Бальтазар, видимо, польщенный характеристикой друга, улыбнувшись, посмотрел на Себастьяна. Потом посерьезнел и, глядя в глаза Карабусу, спросил:

– Ну а как насчет меня, молодой человек?

– А вы, господин архивариус, напрасно сдвигаете брови. Вы очень веселый человек, у вас душа юноши. И это удивительно, потому что, судя по вашим глазам, вы познали большую печаль. Но, должно быть, надежда в вас сильнее. Вы часто напускаете на себя суровый вид, но не оттого, что вы суровы, а оттого, что очень много знаете о том мире, в котором живете. Вы вообще очень умны. Вы хранитель огромных знаний, и ваш ум постоянно ищет новой мудрости. Вы необыкновенный человек.

Самюэль Карабус внезапно замолчал и задумался. Неудивительно, что после таких слов наступило молчание. Каждый был несколько смущен характеристикой в свой адрес, но безоговорочно признавал поразительную правоту характеристики другого. Заметив это несколько напряженное молчание, гость поспешно, как бы оправдываясь, сказал:

– О, не подумайте чего!
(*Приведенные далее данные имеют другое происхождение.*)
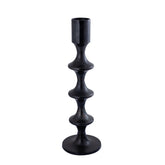 Taika Black alu round kandelaar tabs hoog 92cm PTMD - Kandelaar - PTMD - livinglovely.nl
Здесь нет никакого фокуса. Добрый человек прост и открыт, а стало быть, виден. Вы все добрые люди.

Архивариус почел за благо коренным образом переменить тему разговора.

– Скажите, господин Карабус, вы надолго приехали в Нустерн?

Гость как-то рассеяно посмотрел на Бальтазара и, вздохнув, ответил:

– Не знаю, как вам и сказать. Все будет зависеть от обстоятельств. Если и здесь меня ждет неудача, то отправлюсь дальше на север, хотя мне так нравится у вас.

– Дальше на север? – удивленно переспросил Локк. – Да ведь дальше нет дороги, сударь. На севере Красное болото и Дальний лес, который тянется неизвестно сколько. Одно слово – Глухомань.

– Как так? – спросил Карабус. – Совсем нет дороги?

– Так вот, нет, – подтвердил архивариус. – Разве что считать дорогой кабаньи тропы, но ходить по ним небезопасно.

– Еще бы, – подхватил трактирщик, – многие ходили по ним, но не многие возвращались.

Это сообщение привело Самюэля в крайне восторженное состояние. Он вскочил с места и принялся метаться по трактиру.

– Нет дороги! Ведь это замечательно! – восклицал он. – Ведь это надежда! Неужели в этой милой стране мне повезет? Ах, если бы! Если бы она была здесь!..

Восклицания юноши становились все более невнятными, в них даже почудились чужие, незнакомые слова, к которым внимательно стал прислушиваться архивариус. Наконец, восторженный юноша, то ли устав, то ли вспомнив что-то неприятное, остановился. Восторг его пропал так же внезапно, как и появился. Он сел на место и со вздохом попросил еще стаканчик вина.

– Охотно, сударь. – отозвался Локк и удалился к стойке.

– Простите, господа, – проговорил Карабус. – Я выгляжу ужасно глупо. Но если бы вы знали мои обстоятельства, то охотно извинили бы меня.